We believe in the Fourth Estate's vital role in democracy.

We value the journalist's duty to impartially "explore and explain” complex issues that impact metropolitan Memphis and its citizens.

We believe quality local journalism leads to an informed electorate and is among the highest forms of public service.

We are duty bound to prepare the next generation of journalists in support of this essential mission.

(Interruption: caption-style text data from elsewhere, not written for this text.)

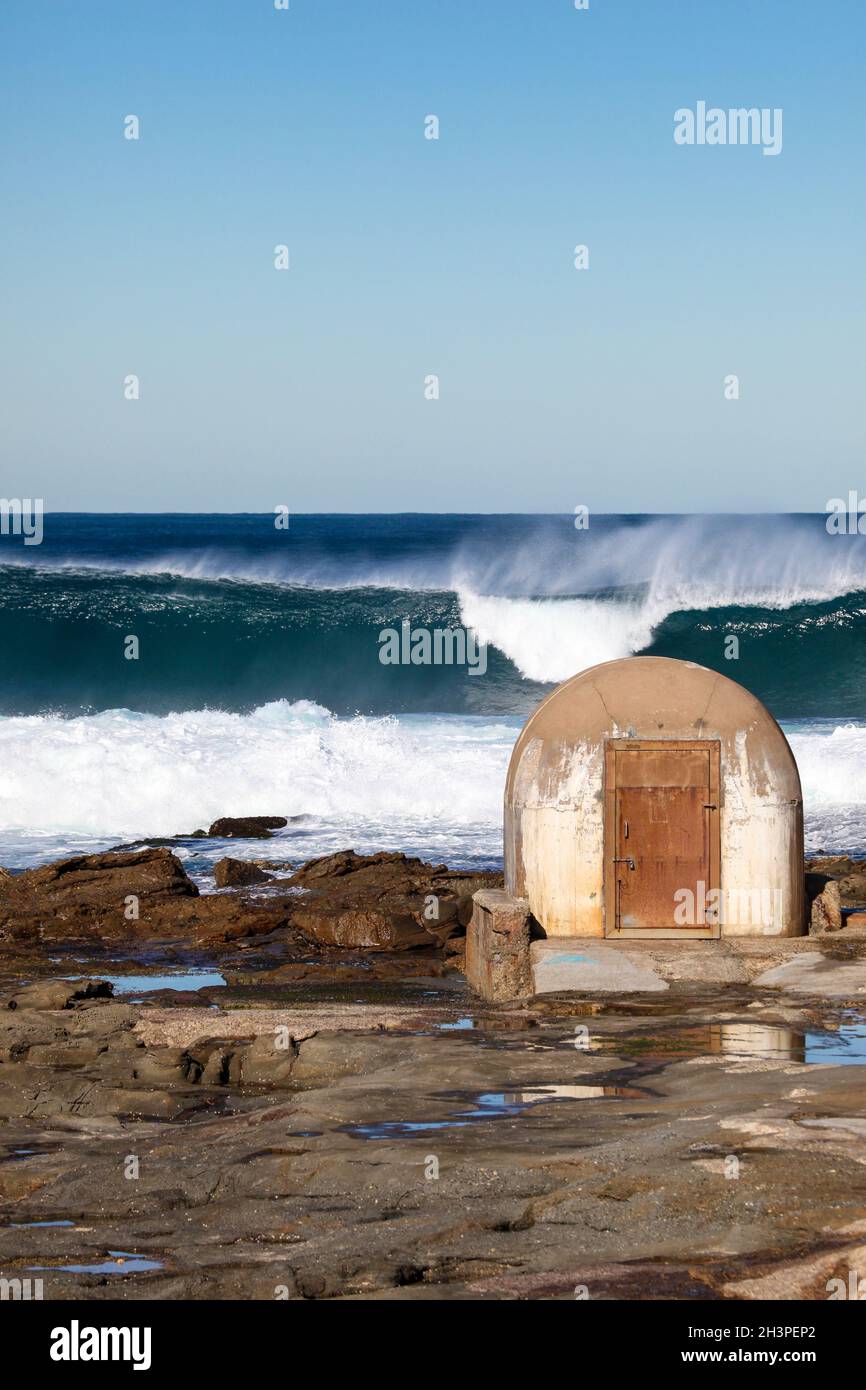 Große Brandung, die hinter dem Pumphouse am Cowrie Hole - Newcastle Australia bricht. Dieses Pumphouse ist ein Wahrzeichen der Region und liefert Wasser in die Umgebung Stockfoto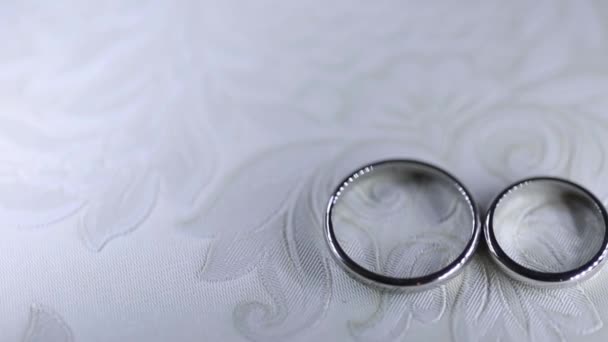 Серебряные обручальные кольца на столе макросъемка крупным планом бриллиантовые украшения — стоковое видео
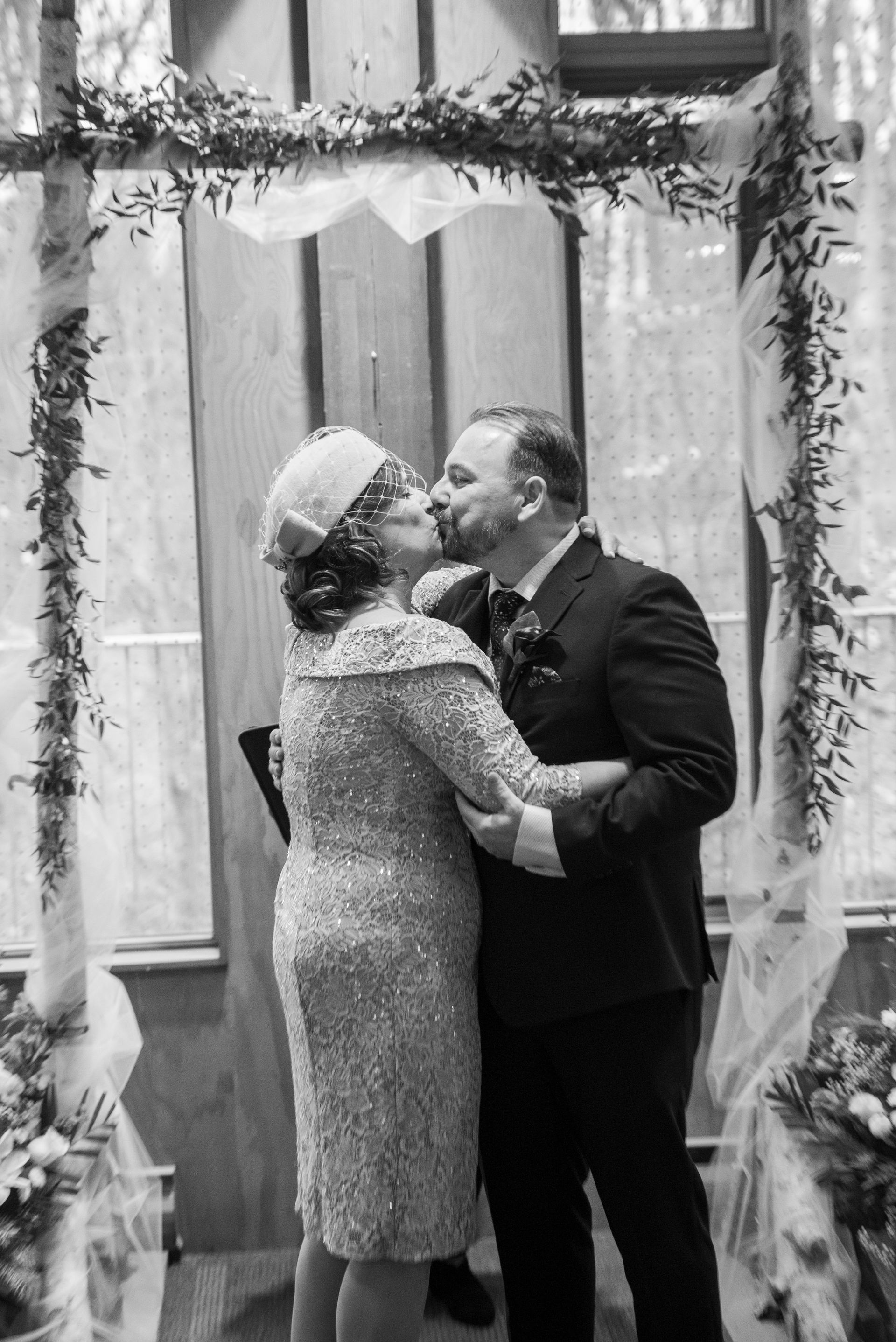 Couple kissing under an archway decorated with greenery; wedding ceremony. Black and white.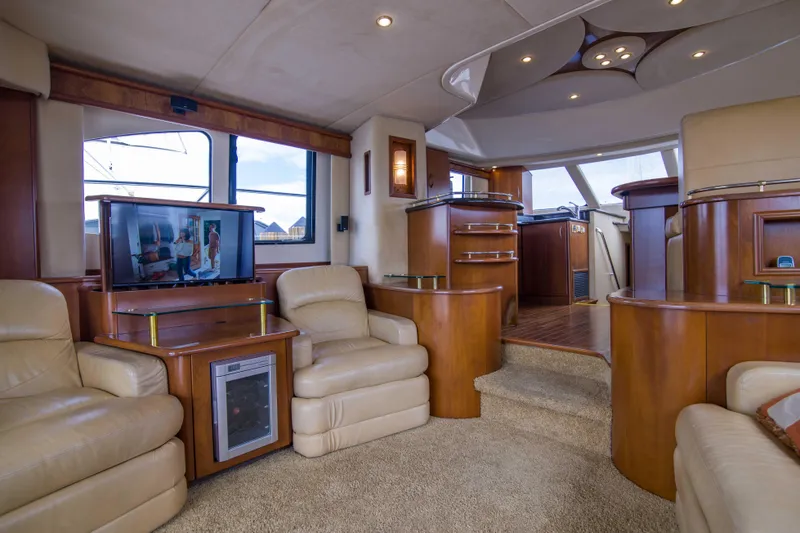 Slide: The Image of Luxurious 2009 Silverton Oviation 52 yacht interior with leather seating and modern entertainment system. - 36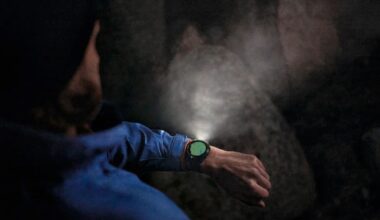A person with a smartwatch emitting an LED light beam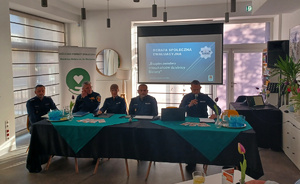 Policjanci siedzą za stołem.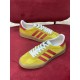 Top-down view of Gucci yellow velvet Gazelle low top trainers in yellow and red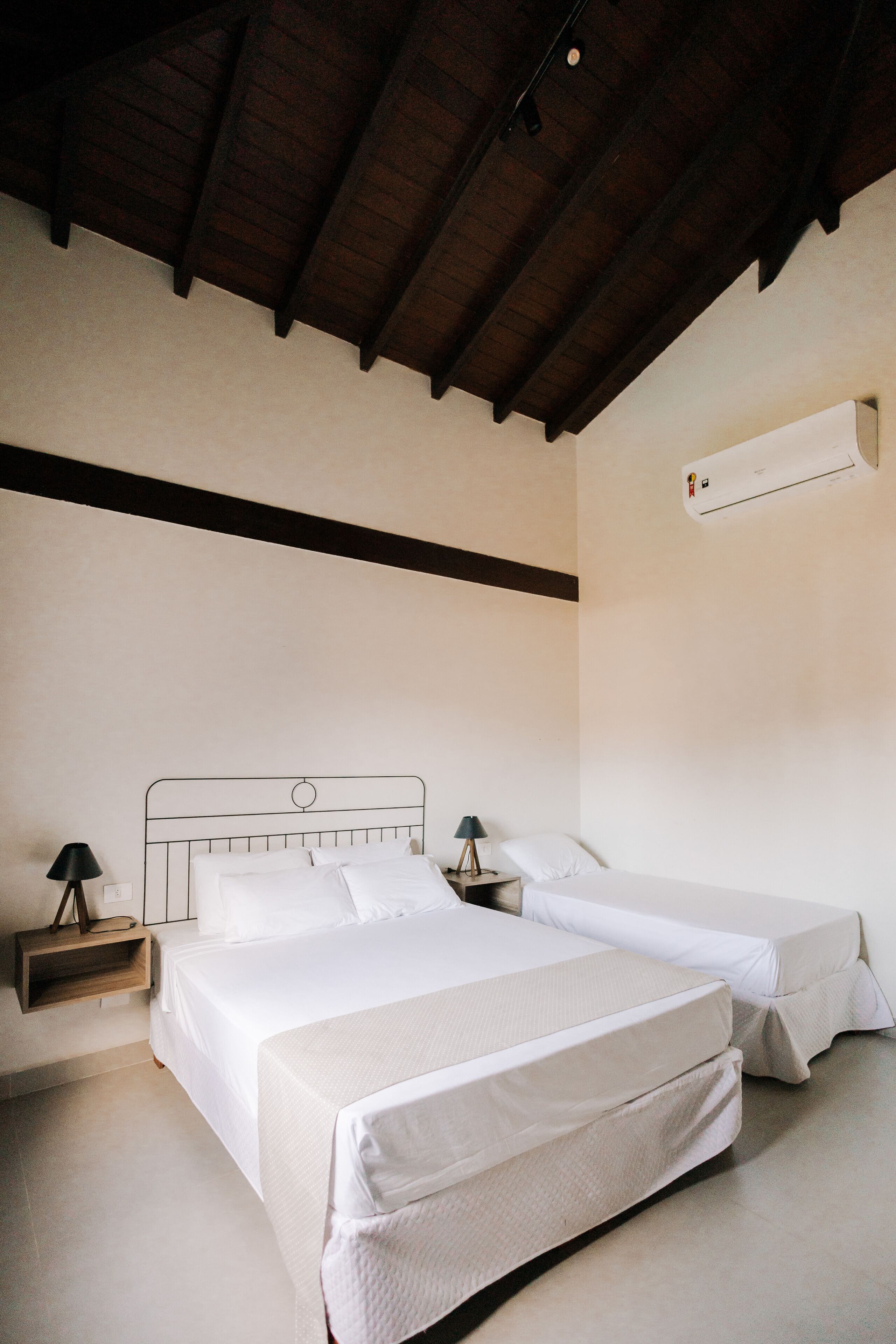 Une chambre avec deux lits, des poutres en bois au plafond, un climatiseur fixé au mur et des tables de chevet avec des lampes.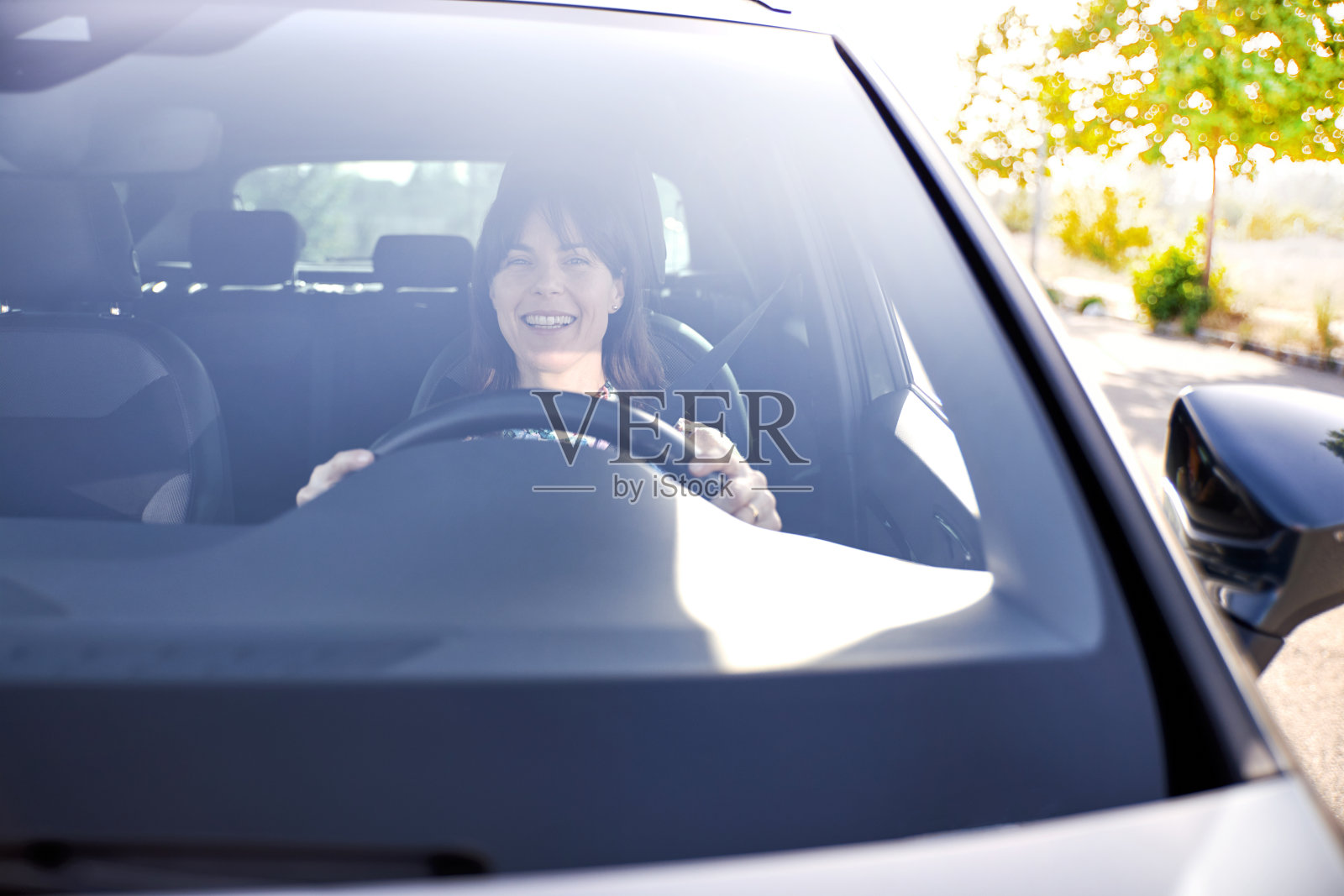 美丽快乐微笑的女人开着她的新车照片摄影图片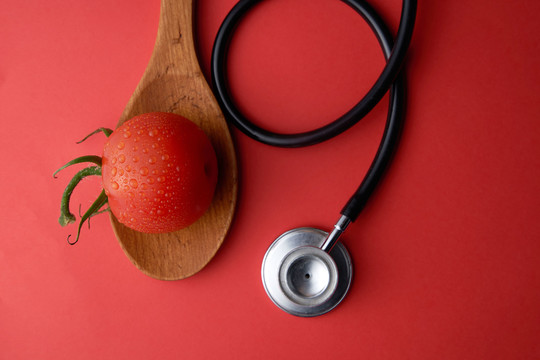 顶视图红色番茄和听诊器在一个木勺上隔离在红色背景上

Marc Perrusquia won numerous state and national awards for his investigative reporting in his 29-year tenure with The Commercial Appeal. His investigations of Tennessee’s corrupt taxpayer-funded childcare system led to broad reforms and the criminal prosecutions of six people. His long-running reporting on state senator John Ford and larger political corruption in Memphis inspired the FBI’s Tennessee Waltz bribery sting that altered the state’s political landscape. He holds a BA in Journalism from the University of Minnesota.
David Waters worked for The Commercial Appeal for 35 years, as a religion and education reporter, columnist, and editorial page editor. From 2007 to 2010, he served as religion editor for The Washington Post and launched, wrote, edited, and produced its “On Faith” website and “Under God” blog. His numerous state and national journalism awards include a Distinguished Writing Award from the American Society of Newspaper Editors, five Wilbur Awards from the Religion Communications Council, and induction into the Scripps Howard Editorial Hall of Fame. He is a 1981 graduate of the UofM and received the Outstanding Journalism Alumni Award from the University in 2009.